AI redefines that journey. It answers the next question before your customer asks it. And in doing so, it changes how discovery happens and how marketers measure success.
What matters now is whether your brand shows up with clarity and trust at the moment of intent, regardless of platform. That moment of intent might happen in a conversational answer, a mobile AI-organized search experience, or a voice prompt in your car, and your brand needs to show up clearly across all of them.
It's time for a new playbook. One built not for keyword ranking, but for data readiness and visibility across every channel.
That means:
Structuring your brand information — every fact, location, product, service, and review so machines can read and reuse it accurately
Increasing consistency across all discovery surfaces, from Google to ChatGPT to TikTok
Evaluating visibility, not just rankings — including where your brand is cited by others, not just where it's publishing content
Writing content in smaller, standalone chunks — passages that clearly answer a question on their own.
Remember this: Structured data helps machines read your brand.

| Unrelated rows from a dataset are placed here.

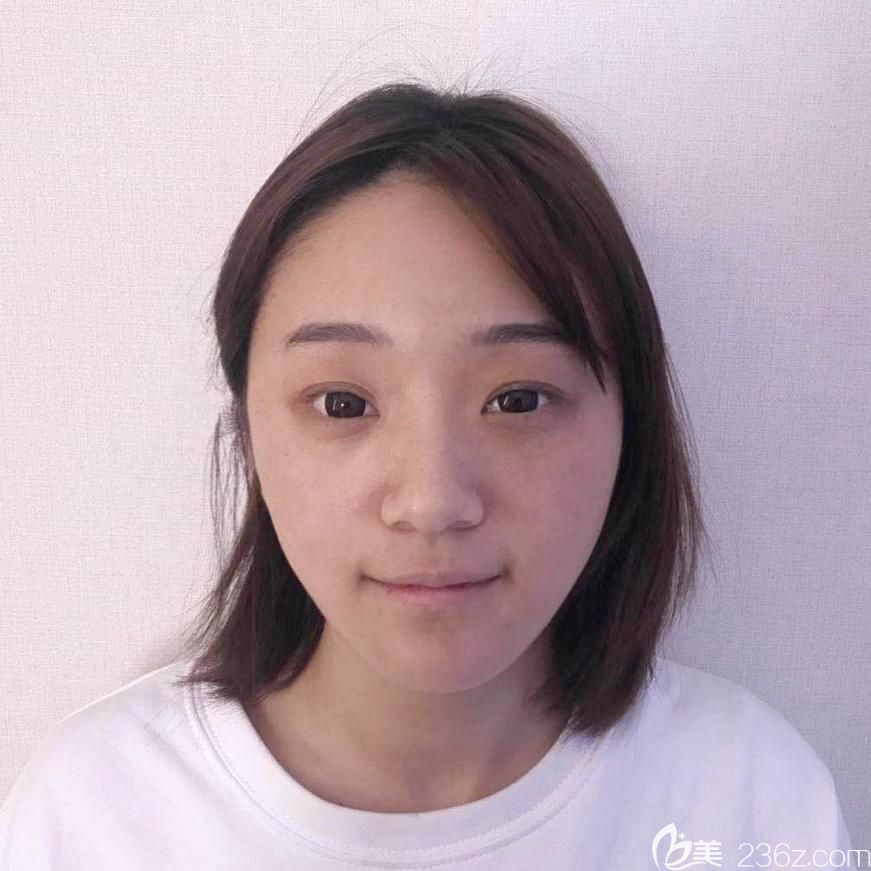 埋线双眼皮失败后照片 埋线双眼皮失败后照片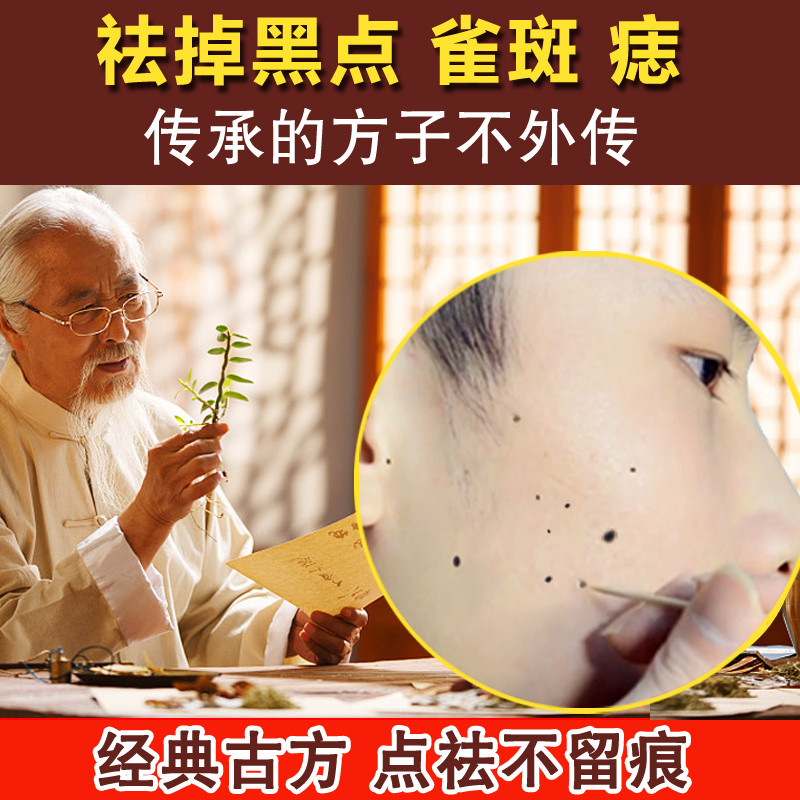 点痣水无痕药水正品脸部祛痣水膏点痦子取去痣黑痣不留疤点斑雀斑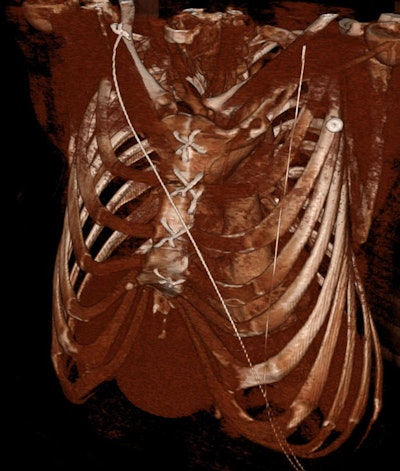 Severe pectus excavatum in a 24-year-old man with Marfan syndrome post ascending aortic repair.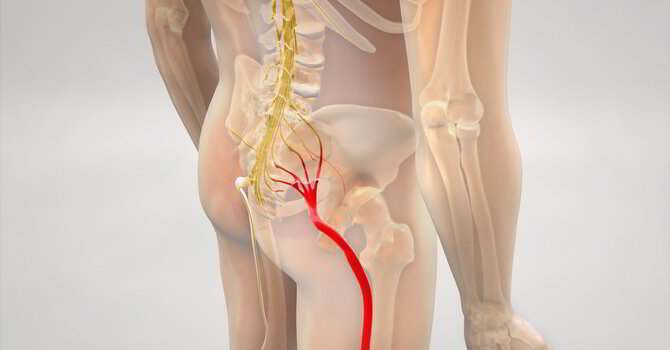 Can Chiropractic Care Help Relieve My Sciatica? image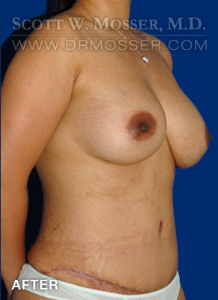 Breast Augmentation Patient 27533 After Photo # 6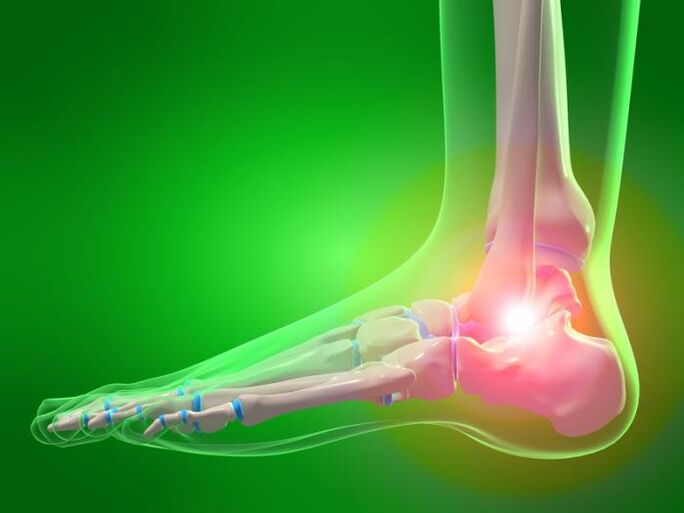 inflammation of the ankle joint with arthrosis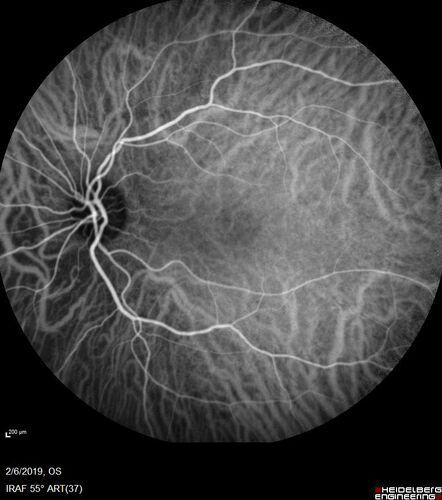 PIC which evolved into Subretinal Fibrosis
27 year old female  VA 20/200 right eye 20/20 left eye.  Right was treated with lucentis.  When extended to 3 months, the fibrosis got much worse
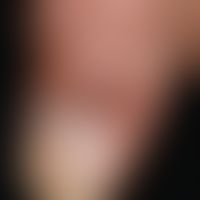 Bowen's disease: Sharply bordered brownish plaque that has existed for 2 years, is completely asy...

Citations help them trust it. You need both structured data and citations.
This is the moment Yext was built for
At Yext, we've spent over a decade helping brands organize and activate their digital knowledge. We built the Knowledge Graph to make brand data structured, connected, and AI-ready. We launched Scout to show where that data is actually appearing across classic results and emerging AI interfaces.
These weren't bets. They were preparations.
With Scout, brands can now monitor not just structured data exposure, but also where they're being cited in AI outputs, news mentions, and reviews that influence visibility in AI conversations.
We knew the old playbook wouldn't last. We knew discovery would shift from clicks to clarity, from rankings to responses, from search engines to answer engines.
And now, that future is here. Search isn't dead. But it has evolved.
Marketers don't need to panic. But they do need to adapt. Discovery still matters. Content still matters. Your website still matters.
What's changed is the frame.
It's not about being the top result. It's about being the trusted answer.
The brands that recognize that and act accordingly will be the ones customers keep finding, trusting, and choosing.